Researchers release exploit for Microsoft critical bug
Akamai researchers have published a proof-of-concept (PoC) for a vulnerability in a Microsoft tool that enables the Windows application development interface to deal with cryptography.
The vulnerability, CVE-2022-34689, was discovered by the National Cyber Security Centre and the National Security Agency of the United Kingdom. It affects the CryptoAPI tool and allows an attacker to pose as a legitimate entity. The vulnerability, which has a vulnerability score of 7.5 out of 10, was patched in August 2022 but was only disclosed by Microsoft in October.

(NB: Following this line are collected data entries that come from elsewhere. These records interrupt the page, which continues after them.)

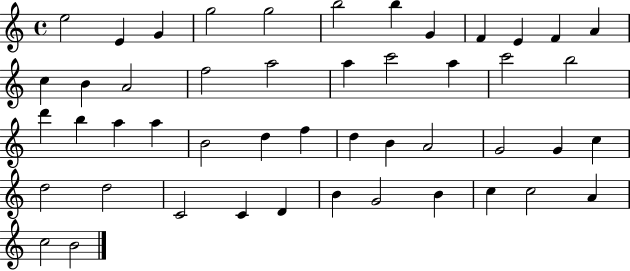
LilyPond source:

{
  \clef treble
  \time 4/4
  \defaultTimeSignature
  \key c \major
  e''2 e'4 g'4 | g''2 g''2 | b''2 b''4 g'4 | f'4 e'4 f'4 a'4 | \break c''4 b'4 a'2 | f''2 a''2 | a''4 c'''2 a''4 | c'''2 b''2 | \break d'''4 b''4 a''4 a''4 | b'2 d''4 f''4 | d''4 b'4 a'2 | g'2 g'4 c''4 | \break d''2 d''2 | c'2 c'4 d'4 | b'4 g'2 b'4 | c''4 c''2 a'4 | \break c''2 b'2 | \bar "|."
}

The premise that the credential cache index key, which is MD5-based, is collision-free is the underlying cause of the bug. MD5’s collision resistance has been known to be broken since 2009. The attack flow is dual in nature. The first step is to take a legitimate certificate, modify it, and then serve the modified version to the victim. The second phase entails creating a new certificate whose MD5 matches that of the modified legitimate certificate, and then using the new certificate to impersonate the subject of the original certificate.
“An attacker could manipulate an existing public x.509 certificate to spoof their identity and perform actions such as authentication or code signing as the targeted certificate,” Microsoft said in October 2022, when they announced fixes for vulnerable Windows and Windows Server versions.
To exploit CVE-2022-34689, the CryptoAPI must cache the first certificate (with the same MD5 thumbprint as the previous one) so that the second certificate (with the same MD5 thumbprint as the previous one) can be trusted immediately because Microsoft does not re-check cached certificates.
The Windows CryptoAPI provides an interface for developers to add cryptographic services to their applications, such as data encryption/decryption and authentication via digital certificates.
It is therefore important that organizations install the latest update in order to ensure that they are not vulnerable to flaws that can be exploited by attackers.
The sources for this piece include an article in TheHackerNews.